As one year draws to a close and another opens its doors to new opportunities, people often consider what they would like to change or improve in the new year. Perhaps you’ve already made a list of resolutions with the usual: lose weight, read more books, spend less time on Facebook, etc.
Resolutions are a wonderful way to jump-start a new habit, but all too often we start them as binding rules and have lost the willpower to continue by mid-February. Writing a New Year’s resolution often puts expectations on ourselves we may or may not be ready to achieve. Sometimes, those expectations are beyond our ability to control.
Sort of like parenting.
As parents, the temptation to control our children is great. Obviously, we all want to provide a safe environment for our children in which they can thrive. Often, however, we confuse our goals for parenting with expectations–and when our expectations are not met, we feel like failures.
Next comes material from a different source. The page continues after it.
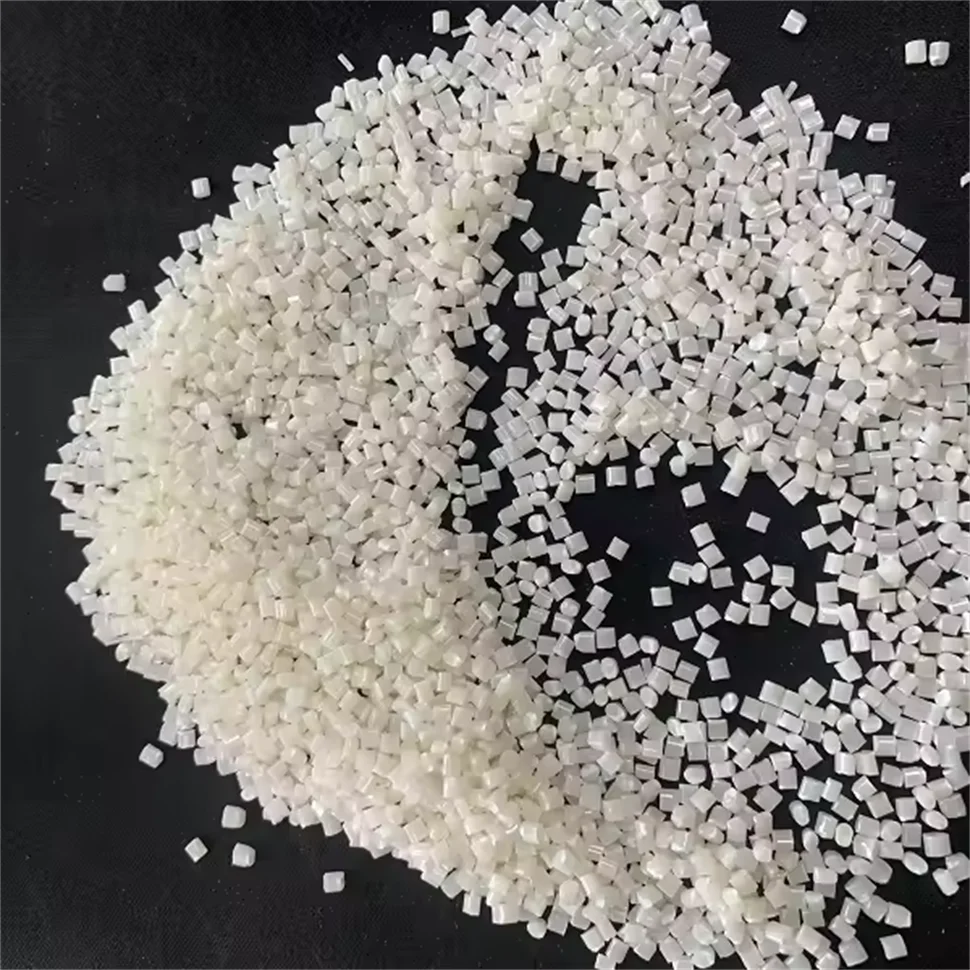 Shop Best Selling High Quality 757K ABS Plastic Granules ABS Particles and Plastic Beads Raw Materials for Copier Housing-Detailed Image 3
Goals are not expectations or resolutions. Instead, setting parenting goals gives you an opportunity to work toward improvements, and to recognize the individual characteristics of your children and how those fit with your values and anticipations.
Marie Roker-Jones of The Good Men Project says, “Setting goals created clear lines of communication and boundaries and allowed for me to see parenting challenges from a different perspective.”
Some simple parenting goals include:

  • Listen more.
  • Watch for your child’s weaknesses and challenges.
  • Watch for your child’s strengths and talents.
  • Identify your triggers and work to eliminate them. (i.e. Being late makes you frustrated, so prepare for the morning the night before.)
  • Take care of yourself.
  • Ask “What can I learn?” rather than “What can I change?”
  • Establish boundaries rather than expectations.

Goals indicate an achievement that is within reach, and raising strong kids is definitely one to which everyone aspires.